Fixes #21162 - Handles any error thrown while connecting via ssh #4880

juliovalcarcel · 2017-10-01T20:15:19Z

Removes unnecessary rescue/debug messages and handles all exceptions the same until the timeout occurs. This ensures that we attempt to connect until the complete timeout occurs.

theforeman-bot · 2017-10-01T20:15:21Z

Do not merge! This patch has not been tested yet.

Can an existing organization member please verify this patch?

theforeman-bot · 2017-10-01T20:15:21Z

Do not merge! This patch has not been tested yet.

Can an existing organization member please verify this patch?

theforeman-bot · 2017-10-01T20:15:21Z

Do not merge! This patch has not been tested yet.

Can an existing organization member please verify this patch?

houndci-bot · 2017-10-01T20:15:29Z

app/services/foreman/provision/ssh.rb

    end
  end

+


Extra blank line detected.

houndci-bot · 2017-10-01T20:15:29Z

app/services/foreman/provision/ssh.rb

+        rescue => e
+          logger.debug "Error occured while connecting \"#{e.inspect}\", retrying"
+          sleep(2)
+          retry 


Trailing whitespace detected.

houndci-bot · 2017-10-01T20:15:29Z

app/services/foreman/provision/ssh.rb

-      begin
-        Timeout.timeout(8) do
-          ssh.run('pwd')
+    begin


Redundant begin block detected.

theforeman-bot · 2017-10-01T20:15:38Z

Issues: #21162

dLobatog

[test]
ok to test

dLobatog

@juliovalcarcel Thanks for the patch. I've read 21162 but I don't understand how this is fixing it, could you elaborate a bit on how that's happening?

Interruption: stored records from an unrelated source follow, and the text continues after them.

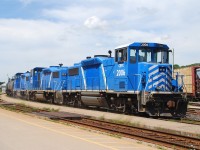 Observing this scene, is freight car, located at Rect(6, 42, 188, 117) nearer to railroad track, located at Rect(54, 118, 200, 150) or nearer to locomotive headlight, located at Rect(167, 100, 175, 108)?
locomotive headlight, located at Rect(167, 100, 175, 108)

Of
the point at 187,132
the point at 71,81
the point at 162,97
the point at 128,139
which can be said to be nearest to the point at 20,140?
the point at 128,139

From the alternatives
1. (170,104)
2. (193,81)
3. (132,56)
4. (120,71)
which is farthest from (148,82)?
(193,81)

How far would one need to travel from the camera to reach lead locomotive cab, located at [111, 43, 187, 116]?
725 inches

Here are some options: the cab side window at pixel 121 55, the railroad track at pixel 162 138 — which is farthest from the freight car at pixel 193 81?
the railroad track at pixel 162 138

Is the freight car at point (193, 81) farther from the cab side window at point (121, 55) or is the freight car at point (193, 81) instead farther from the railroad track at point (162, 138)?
the railroad track at point (162, 138)

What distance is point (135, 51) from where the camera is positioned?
776 inches

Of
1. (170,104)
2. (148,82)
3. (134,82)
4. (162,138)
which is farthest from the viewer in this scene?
(134,82)

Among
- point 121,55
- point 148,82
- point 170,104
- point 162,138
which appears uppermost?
point 121,55

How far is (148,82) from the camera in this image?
18797 mm

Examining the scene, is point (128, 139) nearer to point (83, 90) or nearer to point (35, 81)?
point (83, 90)

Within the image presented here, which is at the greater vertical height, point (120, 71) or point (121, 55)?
point (121, 55)

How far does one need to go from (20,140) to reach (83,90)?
16430 mm

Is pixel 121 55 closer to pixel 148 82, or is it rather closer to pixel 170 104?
pixel 148 82

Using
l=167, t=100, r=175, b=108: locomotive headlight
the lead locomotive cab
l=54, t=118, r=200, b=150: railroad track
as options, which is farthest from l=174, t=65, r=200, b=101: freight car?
l=54, t=118, r=200, b=150: railroad track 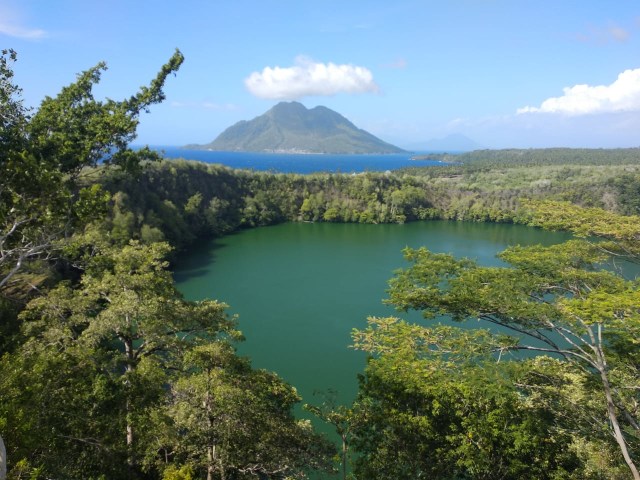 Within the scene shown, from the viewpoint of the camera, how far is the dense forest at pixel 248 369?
6.09 metres

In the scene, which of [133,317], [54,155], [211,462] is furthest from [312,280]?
[54,155]

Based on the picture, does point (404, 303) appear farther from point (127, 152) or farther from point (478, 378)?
point (127, 152)

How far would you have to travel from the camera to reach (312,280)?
35.4m

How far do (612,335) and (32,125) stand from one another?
1043cm

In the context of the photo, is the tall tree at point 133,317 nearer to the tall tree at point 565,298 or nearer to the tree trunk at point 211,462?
the tree trunk at point 211,462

dLobatog · 2017-10-02T08:48:49Z

app/services/foreman/provision/ssh.rb

      end
    end
+  rescue => e


If it reached the timeout, it should only show rescue Timeout::Error.

dLobatog · 2017-10-02T08:48:53Z

app/services/foreman/provision/ssh.rb

-        retry
-      rescue Net::SSH::AuthenticationFailed
-        logger.debug "Auth failed for #{username} at #{address}, retrying"
+      rescue => e


This will hide other exceptions which may be caused by Foreman itself, the list of exceptions we had here was there in purpose so that other exceptions don't retry but fail and the backtrace is shown.

theforeman-bot · 2017-10-02T11:58:10Z

There were the following issues with the commit message:

length of the first commit message line for cae0447 exceeds 65 characters
commit message for cae0447 is not wrapped at 72nd column

If you don't have a ticket number, please create an issue in Redmine.

More guidelines are available in Coding Standards or on the Foreman wiki.

This message was auto-generated by Foreman's prprocessor

juliovalcarcel · 2017-10-02T12:01:17Z

@dLobatog When creating a new host via the EC2 compute resource it was failing to SSH with a "SSH Error: IOError steam closed" which then caused provisioning to fail entirely when in reality the host it created was able to be SSH to from Foreman with no issue. After more digging I concluded that Foreman attempts to SSH too quickly before the instance is created and provisioned and the default centos user is added with foreman's public key. Looking at /var/log/secure in 22162 you can see that the first attempt to connect is Foreman then we see the centos user being added then (For a reason I am unsure of) the ssh daemon restarts. Doing more digging into net-ssh told me that the net-ssh has limitations that it can't handle when a the ssh server is restarted and will throw an IOError (Which was what was causing my issue).

This fixes my issue by not only handling the IOError inside the inner rescue => e but any other issues that could occur. As a user if the initiate_connection method fails for any reason I always want it to retry until the timeout. It signifies to me that for some reason foreman cannot ssh to the host in 5 mins which means I need to fix something. Even if it failed for any other issue I would always want it to retry inside of the timeout limit.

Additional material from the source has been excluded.